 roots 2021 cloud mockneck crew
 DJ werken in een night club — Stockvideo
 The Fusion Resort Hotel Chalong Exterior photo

+++

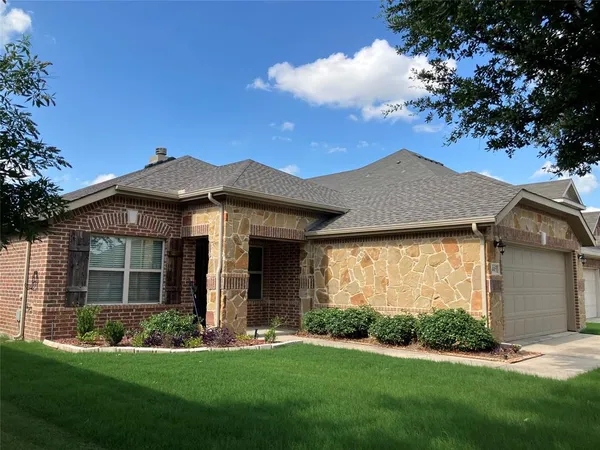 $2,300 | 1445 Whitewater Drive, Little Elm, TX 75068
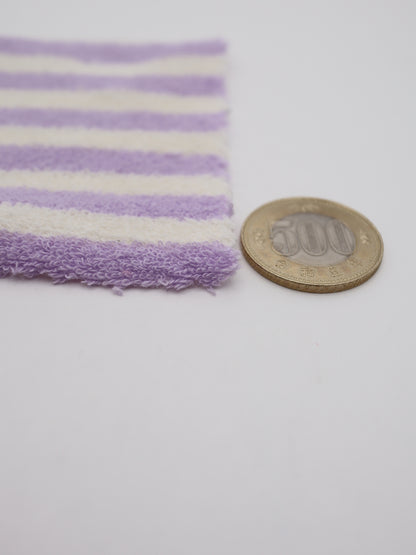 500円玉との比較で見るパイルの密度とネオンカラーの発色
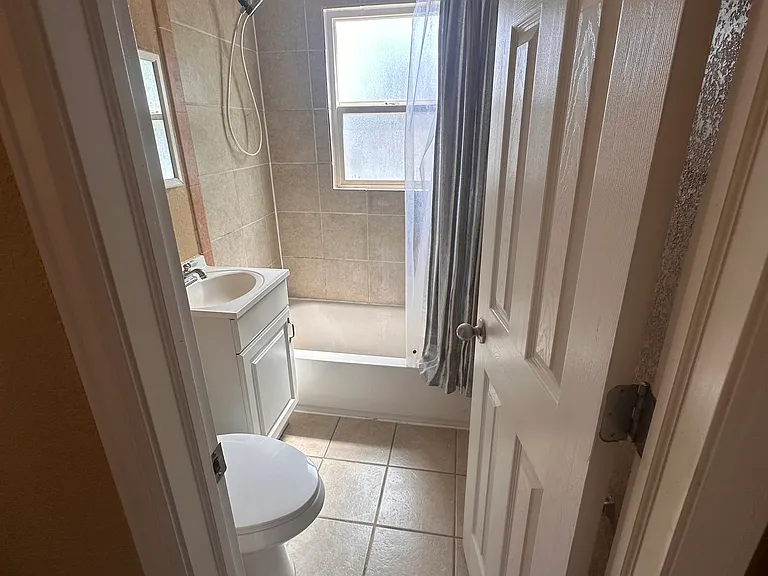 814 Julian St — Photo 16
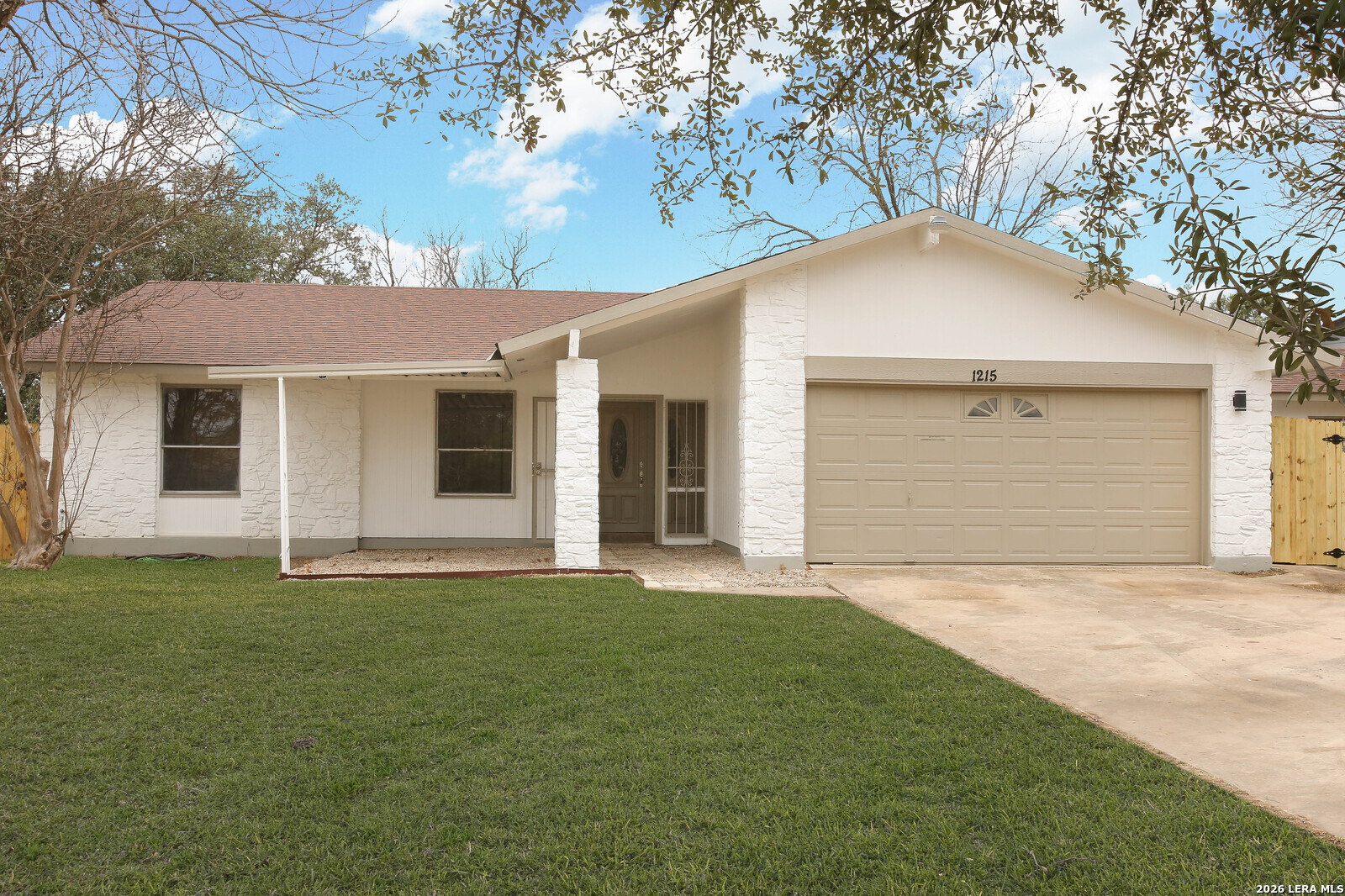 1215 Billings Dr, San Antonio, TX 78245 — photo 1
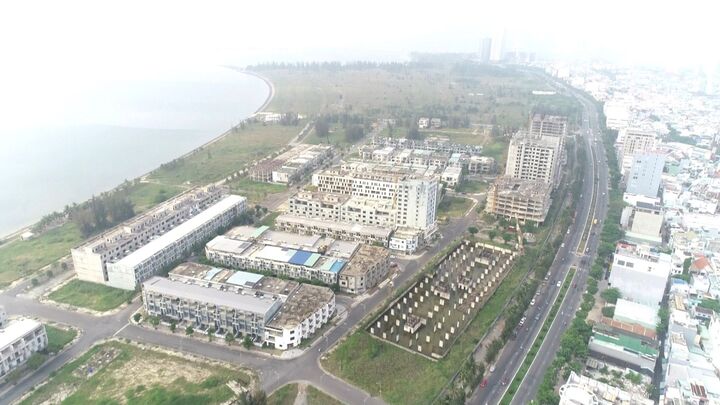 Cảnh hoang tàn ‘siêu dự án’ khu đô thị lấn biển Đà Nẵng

+++

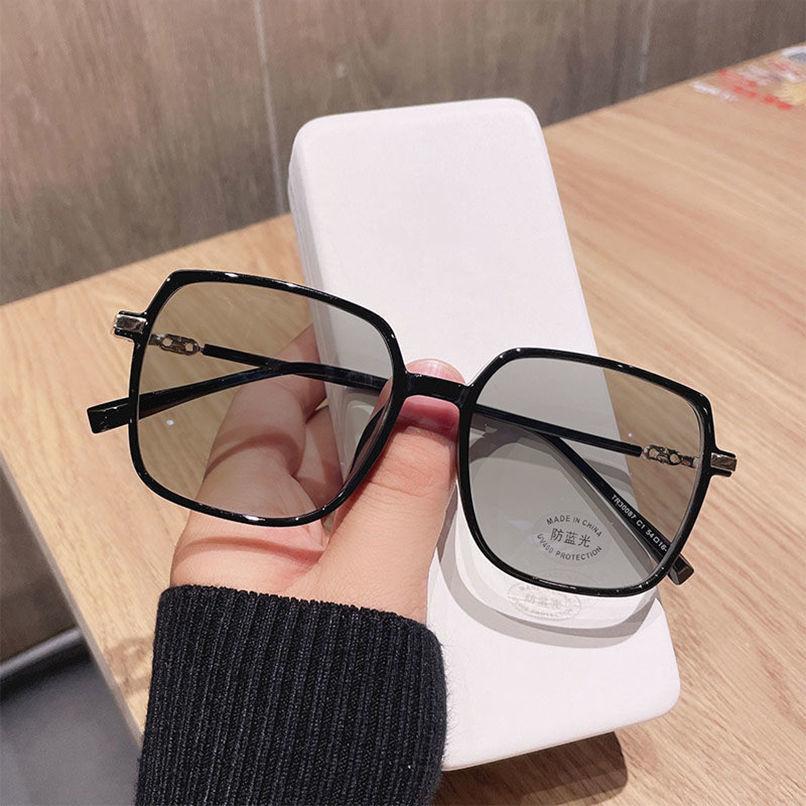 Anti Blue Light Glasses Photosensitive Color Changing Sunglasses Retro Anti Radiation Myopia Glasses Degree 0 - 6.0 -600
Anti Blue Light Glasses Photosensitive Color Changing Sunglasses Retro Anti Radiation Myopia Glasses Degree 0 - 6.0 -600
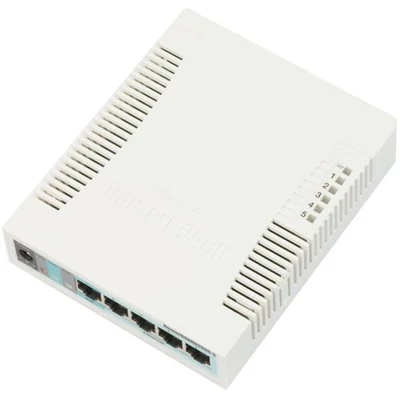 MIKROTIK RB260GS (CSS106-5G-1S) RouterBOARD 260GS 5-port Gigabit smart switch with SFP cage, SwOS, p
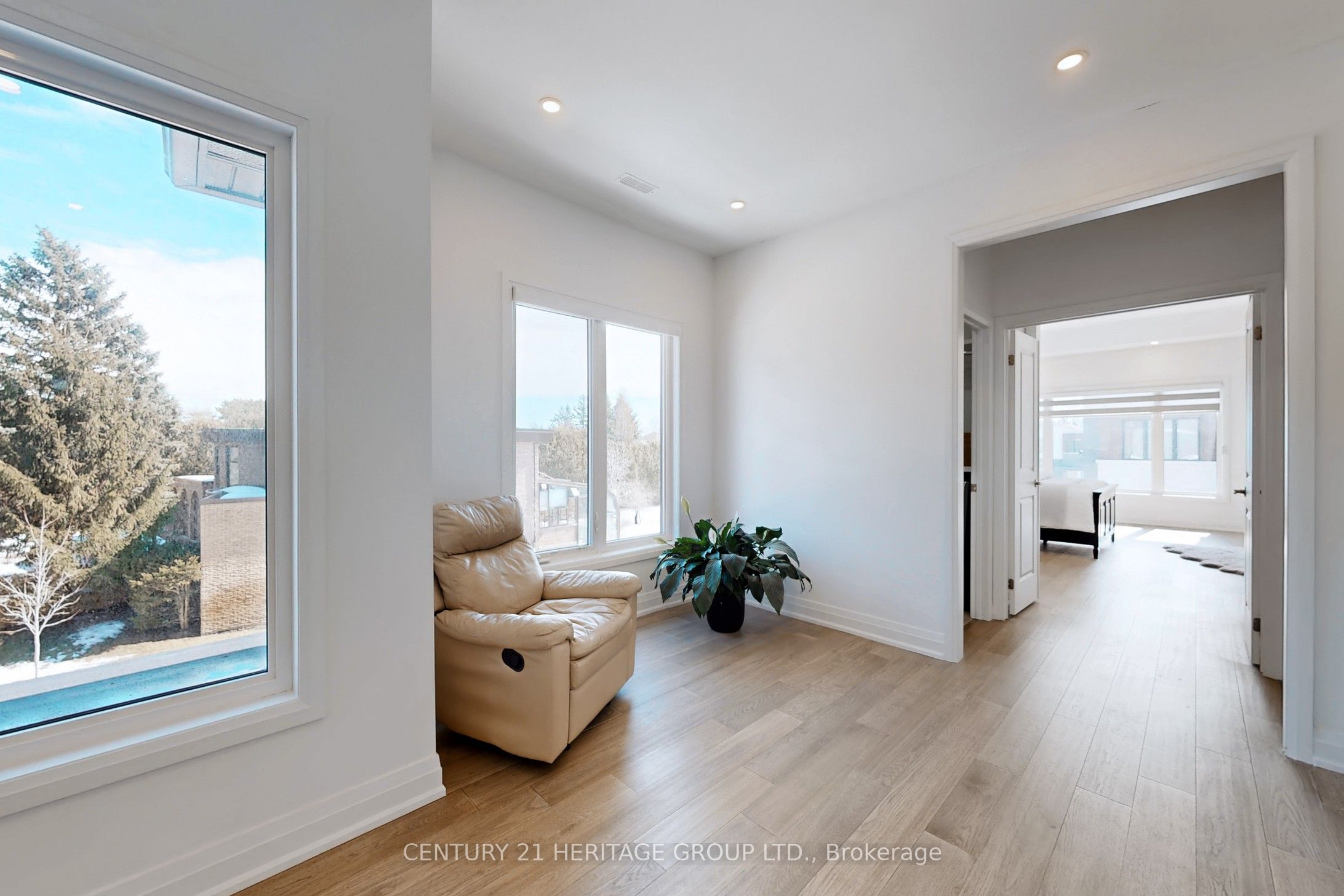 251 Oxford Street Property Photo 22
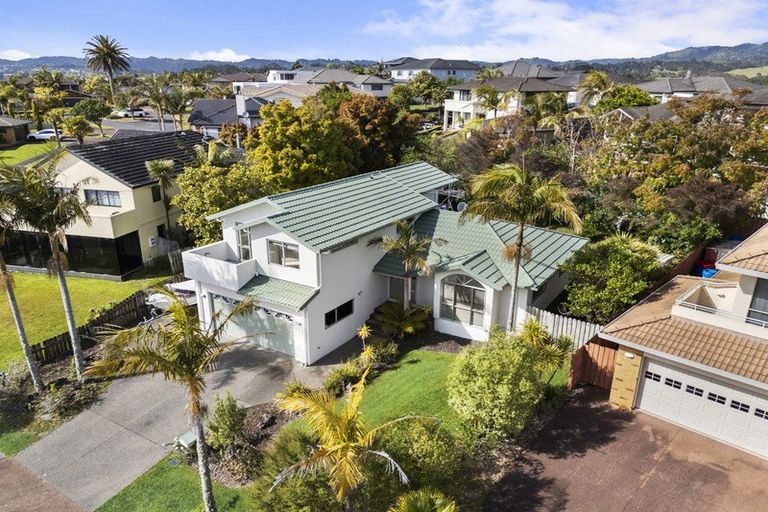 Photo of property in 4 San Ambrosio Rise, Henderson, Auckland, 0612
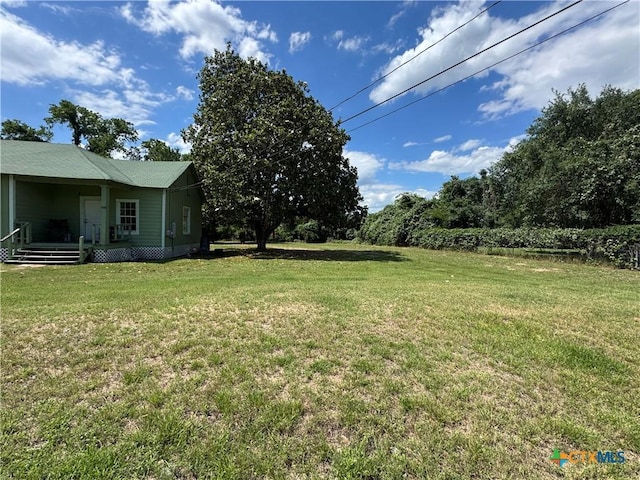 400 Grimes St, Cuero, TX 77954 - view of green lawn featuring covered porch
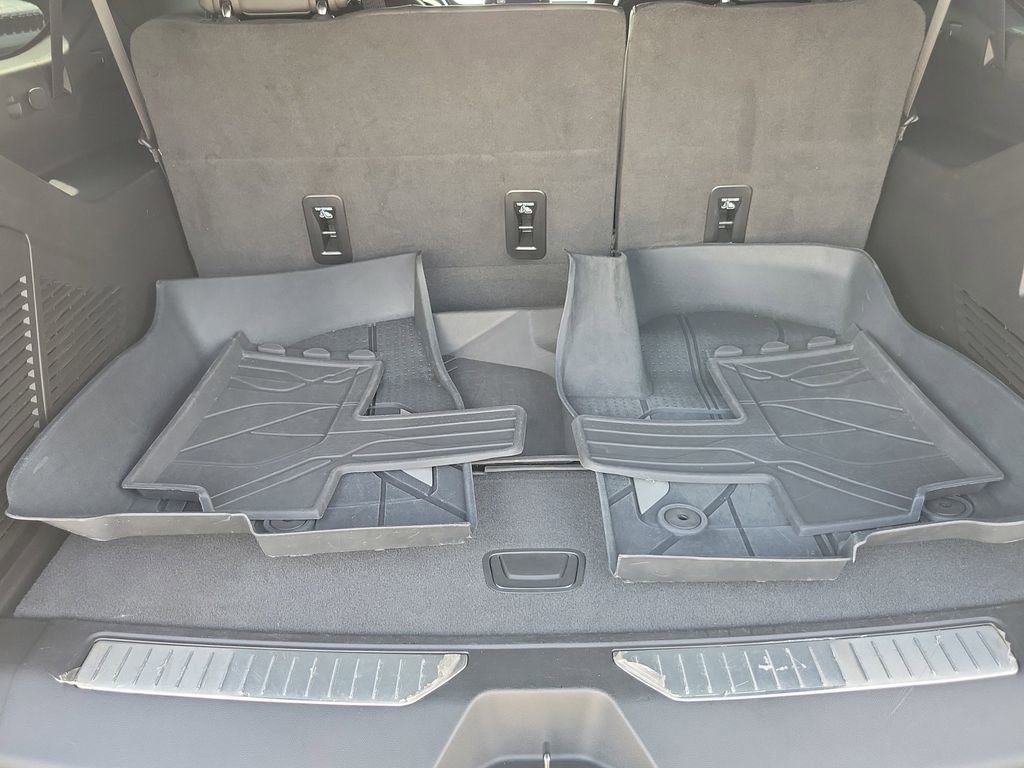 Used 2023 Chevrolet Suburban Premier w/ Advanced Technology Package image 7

+++

From the records above, output only the lines starting at the one containing "814 Julian St — Photo 16" and ending at the one containing "Cảnh hoang tàn", word for word. Pictures stay out.

 814 Julian St — Photo 16
 1215 Billings Dr, San Antonio, TX 78245 — photo 1
 Cảnh hoang tàn ‘siêu dự án’ khu đô thị lấn biển Đà Nẵng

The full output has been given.